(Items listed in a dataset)
* * * * * * * * *

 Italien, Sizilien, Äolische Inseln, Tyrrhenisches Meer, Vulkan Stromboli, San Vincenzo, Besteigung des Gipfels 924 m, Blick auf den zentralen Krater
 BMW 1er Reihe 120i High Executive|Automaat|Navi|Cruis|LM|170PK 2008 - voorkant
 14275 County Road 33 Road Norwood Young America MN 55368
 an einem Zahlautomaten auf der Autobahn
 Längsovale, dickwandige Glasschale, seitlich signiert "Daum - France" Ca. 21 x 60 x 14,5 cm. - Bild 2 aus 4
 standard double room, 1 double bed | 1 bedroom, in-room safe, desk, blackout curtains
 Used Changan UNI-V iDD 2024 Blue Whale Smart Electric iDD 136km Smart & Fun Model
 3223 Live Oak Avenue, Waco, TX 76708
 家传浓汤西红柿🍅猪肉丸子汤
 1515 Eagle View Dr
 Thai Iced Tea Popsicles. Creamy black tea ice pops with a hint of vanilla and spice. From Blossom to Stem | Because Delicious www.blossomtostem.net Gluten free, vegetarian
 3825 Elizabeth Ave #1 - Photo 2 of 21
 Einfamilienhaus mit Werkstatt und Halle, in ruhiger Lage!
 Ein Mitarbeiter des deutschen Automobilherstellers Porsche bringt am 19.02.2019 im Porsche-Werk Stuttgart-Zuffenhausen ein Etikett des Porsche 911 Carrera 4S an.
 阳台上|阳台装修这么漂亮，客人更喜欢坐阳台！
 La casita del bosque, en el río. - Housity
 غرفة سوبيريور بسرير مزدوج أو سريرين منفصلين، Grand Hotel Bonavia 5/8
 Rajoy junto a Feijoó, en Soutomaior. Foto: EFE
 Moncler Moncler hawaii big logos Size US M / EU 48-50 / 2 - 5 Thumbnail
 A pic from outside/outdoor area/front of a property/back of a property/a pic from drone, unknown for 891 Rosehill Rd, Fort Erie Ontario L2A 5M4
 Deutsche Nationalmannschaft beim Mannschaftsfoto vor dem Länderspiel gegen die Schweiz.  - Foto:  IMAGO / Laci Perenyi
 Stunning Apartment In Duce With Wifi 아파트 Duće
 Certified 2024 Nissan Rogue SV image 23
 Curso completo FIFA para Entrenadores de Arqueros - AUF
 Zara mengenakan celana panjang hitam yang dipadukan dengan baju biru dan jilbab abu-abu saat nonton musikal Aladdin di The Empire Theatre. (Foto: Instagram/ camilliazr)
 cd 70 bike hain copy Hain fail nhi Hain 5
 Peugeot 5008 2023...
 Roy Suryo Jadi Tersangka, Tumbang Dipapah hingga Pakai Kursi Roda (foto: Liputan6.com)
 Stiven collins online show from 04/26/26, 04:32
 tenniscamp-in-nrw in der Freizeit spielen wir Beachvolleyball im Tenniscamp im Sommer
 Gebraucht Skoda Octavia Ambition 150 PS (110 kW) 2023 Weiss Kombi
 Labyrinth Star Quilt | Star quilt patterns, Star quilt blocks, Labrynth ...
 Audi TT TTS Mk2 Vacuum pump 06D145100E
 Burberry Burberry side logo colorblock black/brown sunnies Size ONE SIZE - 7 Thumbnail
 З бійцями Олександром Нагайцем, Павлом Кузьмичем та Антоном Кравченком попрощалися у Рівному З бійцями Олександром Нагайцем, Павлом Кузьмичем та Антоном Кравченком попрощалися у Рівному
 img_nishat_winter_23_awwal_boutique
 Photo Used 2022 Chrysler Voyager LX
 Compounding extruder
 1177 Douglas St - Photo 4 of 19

* * * * * * * * *

◆ **WHAT IS REQUIRED**:
Lines from the one containing "Audi TT TTS Mk2 Vacuum pump 06D145100E" through the end of the data above must be written out exactly, and no other lines are needed.

◆ **EXERCISE RESPONSE**:
 Audi TT TTS Mk2 Vacuum pump 06D145100E
 Burberry Burberry side logo colorblock black/brown sunnies Size ONE SIZE - 7 Thumbnail
 З бійцями Олександром Нагайцем, Павлом Кузьмичем та Антоном Кравченком попрощалися у Рівному З бійцями Олександром Нагайцем, Павлом Кузьмичем та Антоном Кравченком попрощалися у Рівному
 img_nishat_winter_23_awwal_boutique
 Photo Used 2022 Chrysler Voyager LX
 Compounding extruder
 1177 Douglas St - Photo 4 of 19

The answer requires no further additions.